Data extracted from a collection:
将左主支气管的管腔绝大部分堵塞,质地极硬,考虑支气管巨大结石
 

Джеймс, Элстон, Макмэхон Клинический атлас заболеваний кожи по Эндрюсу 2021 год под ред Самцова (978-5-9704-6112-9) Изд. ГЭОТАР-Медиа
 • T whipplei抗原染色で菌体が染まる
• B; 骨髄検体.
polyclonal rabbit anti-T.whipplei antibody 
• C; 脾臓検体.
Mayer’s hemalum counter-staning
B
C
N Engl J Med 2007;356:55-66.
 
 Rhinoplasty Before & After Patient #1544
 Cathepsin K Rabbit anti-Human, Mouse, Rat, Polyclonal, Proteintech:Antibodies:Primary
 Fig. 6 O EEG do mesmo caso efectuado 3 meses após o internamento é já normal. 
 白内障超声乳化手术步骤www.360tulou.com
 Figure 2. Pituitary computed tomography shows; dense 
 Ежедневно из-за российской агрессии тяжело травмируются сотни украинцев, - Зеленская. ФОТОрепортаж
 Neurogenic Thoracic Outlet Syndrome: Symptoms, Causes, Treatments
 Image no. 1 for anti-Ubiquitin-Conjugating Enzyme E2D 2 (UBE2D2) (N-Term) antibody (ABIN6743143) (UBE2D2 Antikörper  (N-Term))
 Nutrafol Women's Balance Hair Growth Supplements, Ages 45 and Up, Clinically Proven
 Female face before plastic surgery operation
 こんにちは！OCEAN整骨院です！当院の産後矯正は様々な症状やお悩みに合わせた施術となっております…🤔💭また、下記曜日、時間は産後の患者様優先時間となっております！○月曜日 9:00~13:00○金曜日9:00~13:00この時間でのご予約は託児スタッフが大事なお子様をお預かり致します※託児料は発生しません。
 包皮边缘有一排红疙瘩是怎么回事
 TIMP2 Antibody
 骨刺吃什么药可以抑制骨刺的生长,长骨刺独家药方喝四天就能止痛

Task prompt:
The response should be an exact copy of the lines from the one with "Fig. 6 O EEG" through the end of the data, with no other text.

Task output:
 Fig. 6 O EEG do mesmo caso efectuado 3 meses após o internamento é já normal. 
 白内障超声乳化手术步骤www.360tulou.com
 Figure 2. Pituitary computed tomography shows; dense 
 Ежедневно из-за российской агрессии тяжело травмируются сотни украинцев, - Зеленская. ФОТОрепортаж
 Neurogenic Thoracic Outlet Syndrome: Symptoms, Causes, Treatments
 Image no. 1 for anti-Ubiquitin-Conjugating Enzyme E2D 2 (UBE2D2) (N-Term) antibody (ABIN6743143) (UBE2D2 Antikörper  (N-Term))
 Nutrafol Women's Balance Hair Growth Supplements, Ages 45 and Up, Clinically Proven
 Female face before plastic surgery operation
 こんにちは！OCEAN整骨院です！当院の産後矯正は様々な症状やお悩みに合わせた施術となっております…🤔💭また、下記曜日、時間は産後の患者様優先時間となっております！○月曜日 9:00~13:00○金曜日9:00~13:00この時間でのご予約は託児スタッフが大事なお子様をお預かり致します※託児料は発生しません。
 包皮边缘有一排红疙瘩是怎么回事
 TIMP2 Antibody
 骨刺吃什么药可以抑制骨刺的生长,长骨刺独家药方喝四天就能止痛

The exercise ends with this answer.